* EXERCISE: Quote exactly, and only, the lines from the one containing "18TH CENTURY GEORGE" through the end of the material below. Skip pictures.

* DATA RECORDS:
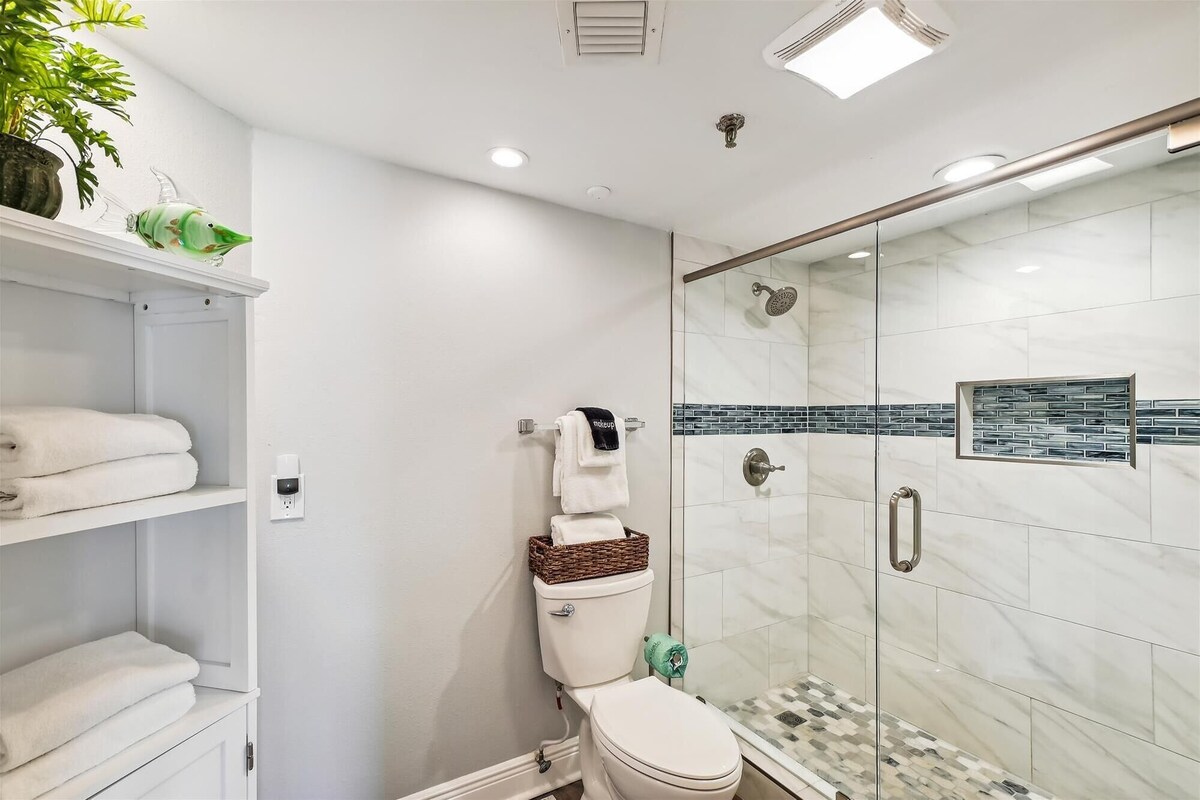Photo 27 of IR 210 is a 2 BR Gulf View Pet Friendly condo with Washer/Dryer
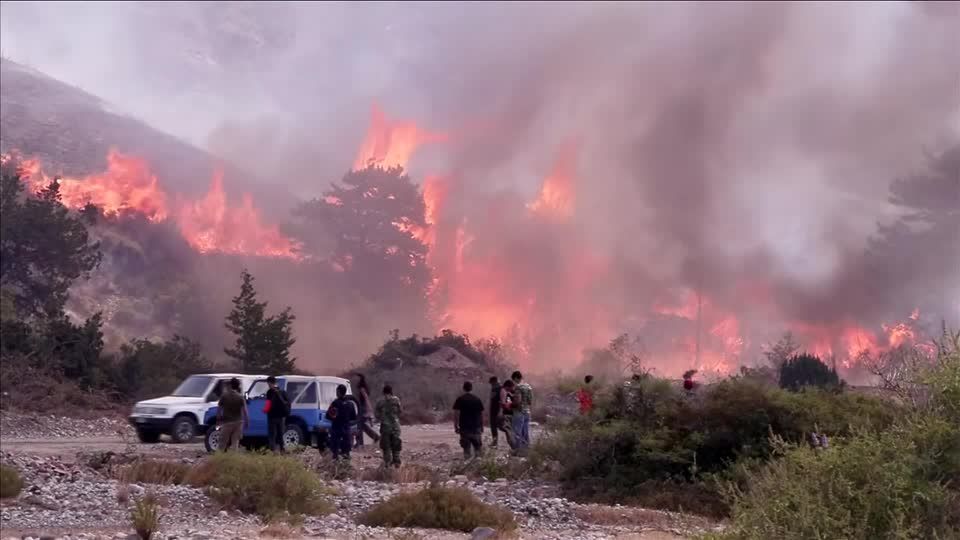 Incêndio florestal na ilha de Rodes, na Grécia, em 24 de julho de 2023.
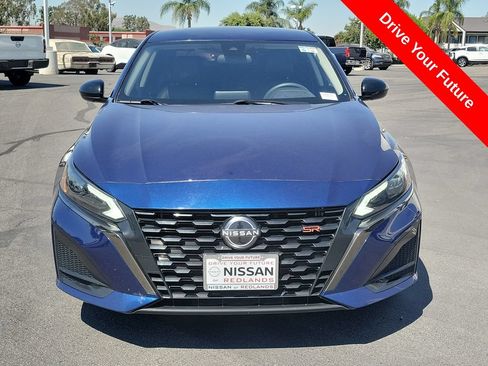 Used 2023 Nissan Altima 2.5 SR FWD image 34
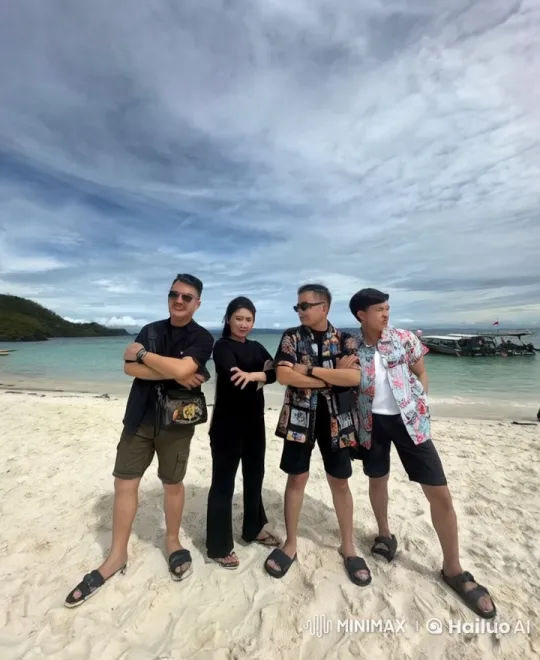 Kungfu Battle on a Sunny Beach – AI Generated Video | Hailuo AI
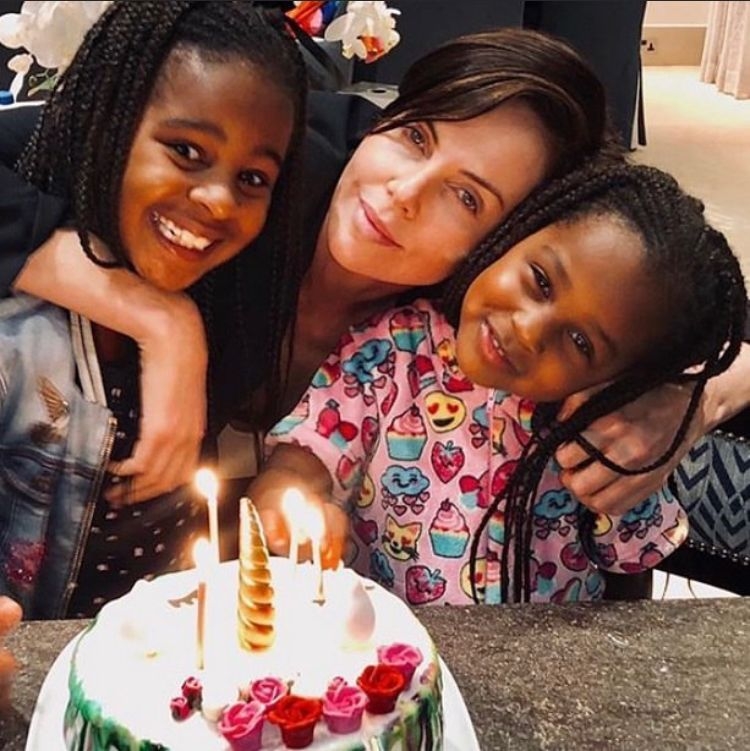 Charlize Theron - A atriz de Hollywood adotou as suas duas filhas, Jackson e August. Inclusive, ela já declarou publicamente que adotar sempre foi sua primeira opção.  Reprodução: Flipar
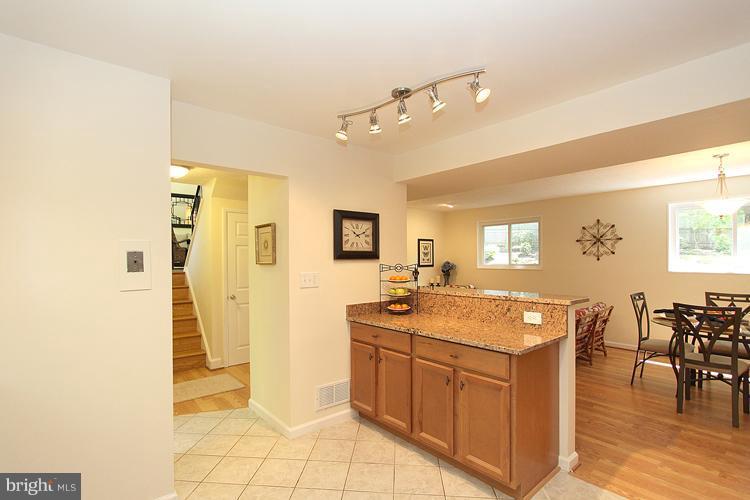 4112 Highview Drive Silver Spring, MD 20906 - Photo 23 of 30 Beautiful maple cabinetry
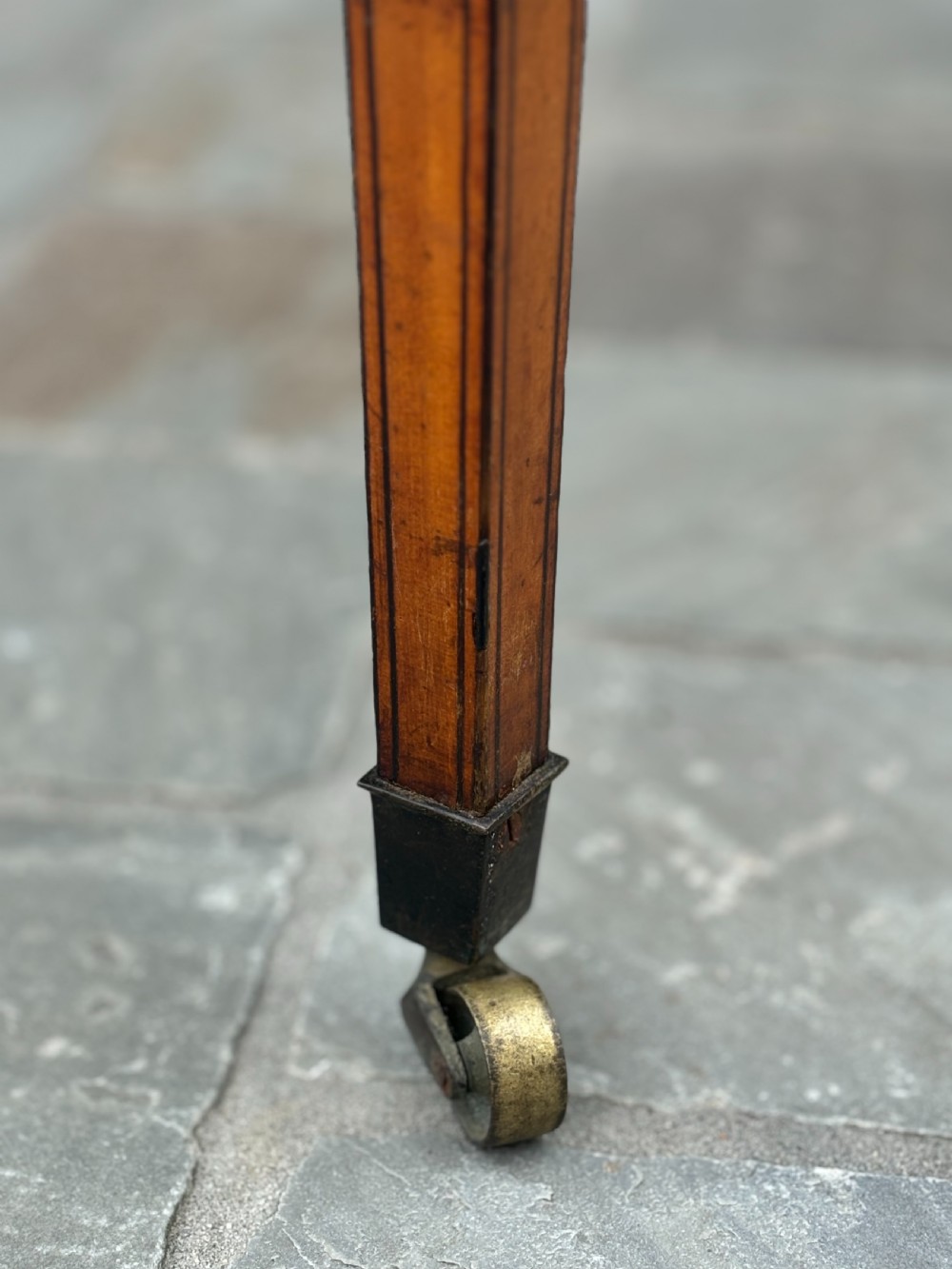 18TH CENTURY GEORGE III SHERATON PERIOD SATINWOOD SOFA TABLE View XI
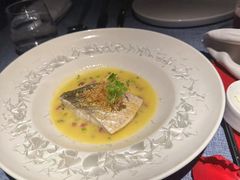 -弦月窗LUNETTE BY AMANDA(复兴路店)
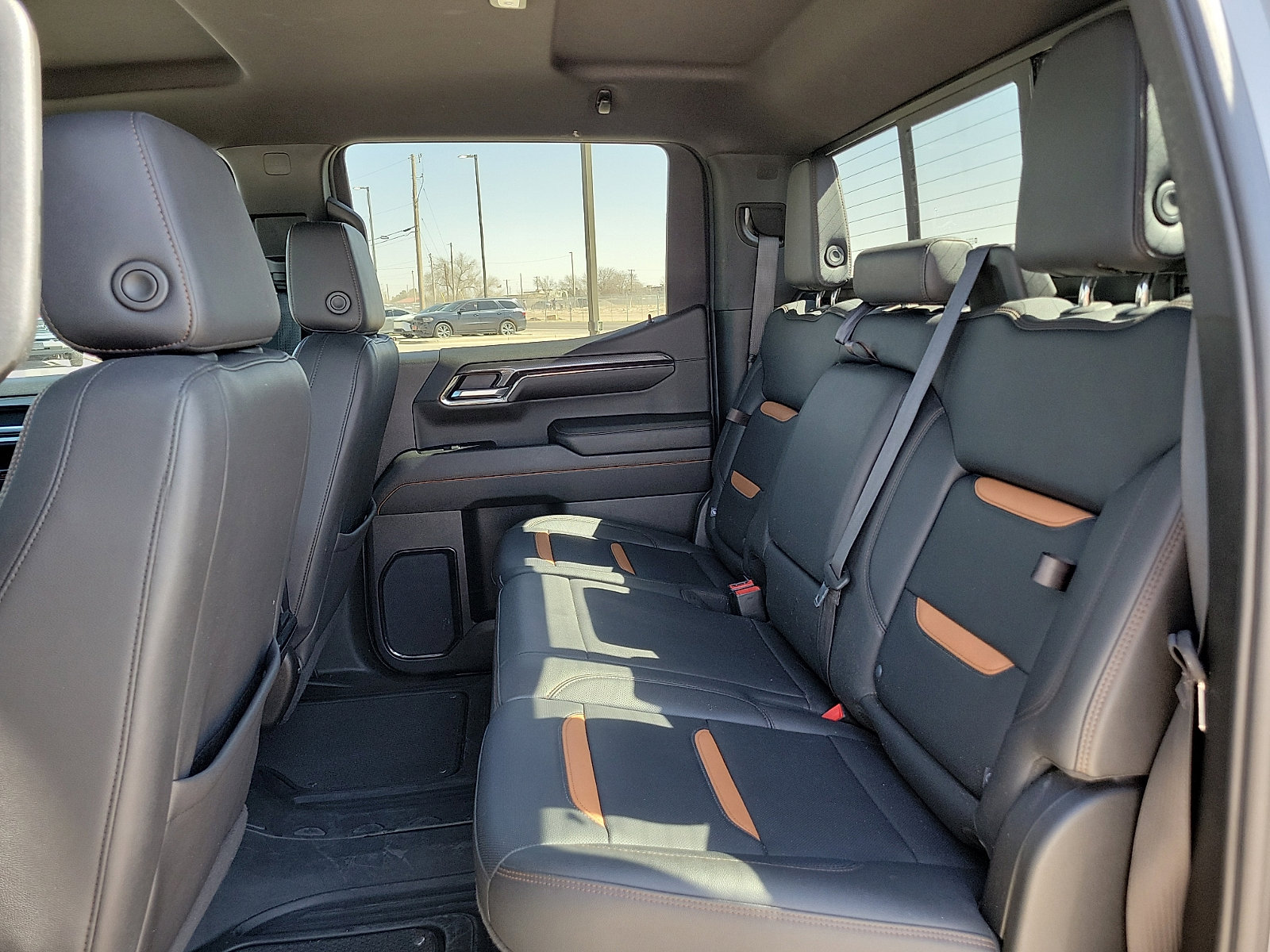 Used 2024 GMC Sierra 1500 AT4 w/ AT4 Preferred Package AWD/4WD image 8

* REPLY TO THE EXERCISE:
 18TH CENTURY GEORGE III SHERATON PERIOD SATINWOOD SOFA TABLE View XI
 -弦月窗LUNETTE BY AMANDA(复兴路店)
 Used 2024 GMC Sierra 1500 AT4 w/ AT4 Preferred Package AWD/4WD image 8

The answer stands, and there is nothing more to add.